Disadvantages to dropping the Bill

– this adds credence to the various suggestions that the SNP has broken too many of the manifesto commitments that carried it into Government in the first place (LIT, dumping student debt, class sizes, PE in schools, free fruit in schools, Scottish Futures Trust). The din will soon be a cacophony, with varying degrees of justification for each pledge.

– a sceptical public may wonder at the lack of urgency from the SNP, urging Scotland to be independent for its economy’s sake, but reluctant to get on with discussing the merits of holding a referendum which would get us there and oddly content to procrastinate on the matter.

– What was the National Conversation for, not to mention the civil service hours spent on referendum questions, if the corresponding Bill wasn’t even going to be put before Parliament? Money has been wasted in the past four years and, given the cuts that are on their way, that could be a damaging mistake if the amount is quantified and significant.

Were Labour to win power next year and the SNP to find themselves coming through their perfect storm and into the calmer but unwanted waters of Opposition with little to nothing to show for it, history may not be kind to the Nationalists with regards its tactics on independence and the 2007-2011 parliamentary term.

The situation would beg the question – how did a decades-old Nationalist party, having formed the first Government in its history, fail to put a Referendum Bill before Parliament and argue their case for independence in the national Parliament in the full glare of the public and the national media?

I do not know how Holyrood works in detail but, for the SNP’s sake and if there is still time, this Referendum Bill should be put before MSPs as the strawman that it is and Gray, Goldie and Scott should be forced into voting it down. Only then can the opposition leaders be clearly painted as the obstacles to Scots having a say on Scotland’s future.

I am sure historians would pick better words than these but ‘bottled it’ might be the settled historical opinion if this reported rethink on a referendum is realised.

Indeed, Alex Salmond famously claimed that Gordon Brown was ‘the feartie fae Fife’ but the First Minister’s not very brave manoeuvrings with this referendum could ironically peg him as ‘the bottler fae Banff’.
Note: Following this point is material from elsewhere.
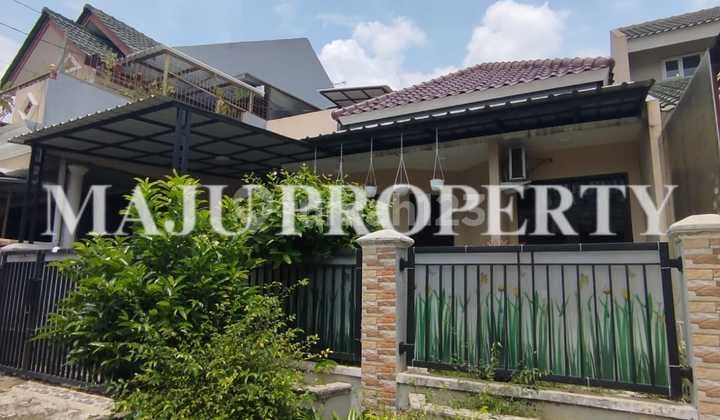 Rumah Bagus Siap Huni Di Limus Pratama Regency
Paradise lost? Power lost? Party leader lost? We could see the SNP selecting a new party leader in mid-2011 if this all goes horribly wrong and, amidst the internal conflict that that would inevitably cause, also the prospect of the Nats remaining in Opposition for a few parliamentary terms to come. Poetic justice perhaps for those outwith the SNP who have so consistently failed to shine in Salmond’s shadow.

This is an enormous decision for the SNP and, while there is still all to play for for the Nats, there is also everything to lose.